Mailing List Archive

r3790 - in trunk/perl: lib/KinoSearch/Docs/Tutorial sample
Author: creamyg
Date: 2008-08-29 11:18:13 -0700 (Fri, 29 Aug 2008)
New Revision: 3790

Modified:
trunk/perl/lib/KinoSearch/Docs/Tutorial/Simple.pod
trunk/perl/sample/invindexer.pl
Log:
Revise the first Tutorial chapter, using HTML::TreeBuilder to parse files and
freeing us from the need to explain why tag-stripping with regexes is a bad
idea.


Modified: trunk/perl/lib/KinoSearch/Docs/Tutorial/Simple.pod
===================================================================
--- trunk/perl/lib/KinoSearch/Docs/Tutorial/Simple.pod 2008-08-29 18:16:40 UTC (rev 3789)
+++ trunk/perl/lib/KinoSearch/Docs/Tutorial/Simple.pod 2008-08-29 18:18:13 UTC (rev 3790)
@@ -41,6 +41,7 @@

use KSx::Simple;
use File::Spec::Functions qw( catfile );
+ use HTML::TreeBuilder;

... we'll start by creating a KSx::Simple object, telling it where we'd
like the index to be located and the language of the source material.
@@ -50,66 +51,49 @@
language => 'en',
);

-Next, we'll add a subroutine which reads in and extracts plain text from an
-HTML source file. KSx::Simple won't be of any help with this task,
-because it's not equipped to deal with source files directly -- as a matter of
+Next, we'll add a subroutine which extracts plain text from an HTML source
+file.
+
+KSx::Simple won't be of any help with the task of text extraction, because
+it's not equipped to deal with source files directly. As a matter of
principle, KinoSearch remains deliberately ignorant on the vast subject of
file formats, preferring to focus instead on its core competencies of indexing
-and search.
+and search.

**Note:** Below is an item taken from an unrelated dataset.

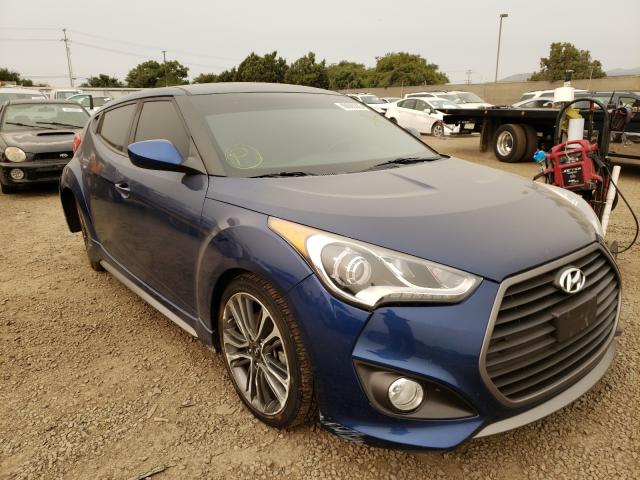 HYUNDAI VELOSTER T 2017 kmhtc6ae6hu315516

There are many excellent dedicated parsing modules available on
+CPAN; we'll use HTML::TreeBuilder.

-There are many excellent dedicated parsing modules available on CPAN, and
-ordinarily we'd be calling on HTML::Parser or the like... however, today we're
-going to use quick-and-dirty regular expressions for the sake of simplicity.
-Parsing HTML using regexes is generally an awful idea, but we can guarantee
-that the following fragile-but-easy-to-grok parsing sub will work because the
-source docs are 100% controlled by us and we can ensure that they are
-well-formed.
-
# Parse an HTML file from our US Constitution collection and return a
# hashref with three keys: title, body, and url.
- sub slurp_and_parse_file {
+ sub parse_file {
my $filename = shift;
my $filepath = catfile( $conf->{uscon_source}, $filename );
- open( my $fh, '<', $filepath )
- or die "Can't open '$filepath': $!";
- my $raw = do { local $/; <$fh> }; # slurp!
-
- # Build up a document hash.
- my %doc = ( url => "/us_constitution/$filename" );
- $raw =~ m#<title>(.*?)</title>#s
- or die "couldn't isolate title in '$filepath'";
- $doc{title} = $1;
- $raw =~ m#<div id="bodytext">(.*?)</div><!--bodytext-->#s
- or die "couldn't isolate bodytext in '$filepath'";
- $doc{content} = $1;
- $doc{content} =~ s/<.*?>/ /gsm; # quick and dirty tag stripping
-
- return \%doc;
+ my $tree = HTML::TreeBuilder->new;
+ $tree->parse_file($filepath);
+ my $title_node = $tree->look_down( _tag => 'title' )
+ or die "No title element in $filepath";
+ my $bodytext_node = $tree->look_down( id => 'bodytext' )
+ or die "No div with id 'bodytext' in $filepath";
+ return {
+ title => $title_node->as_trimmed_text,
+ content => $bodytext_node->as_trimmed_text,
+ url => "/us_constitution/$filename"
+ };
}

Add some elementary directory reading code...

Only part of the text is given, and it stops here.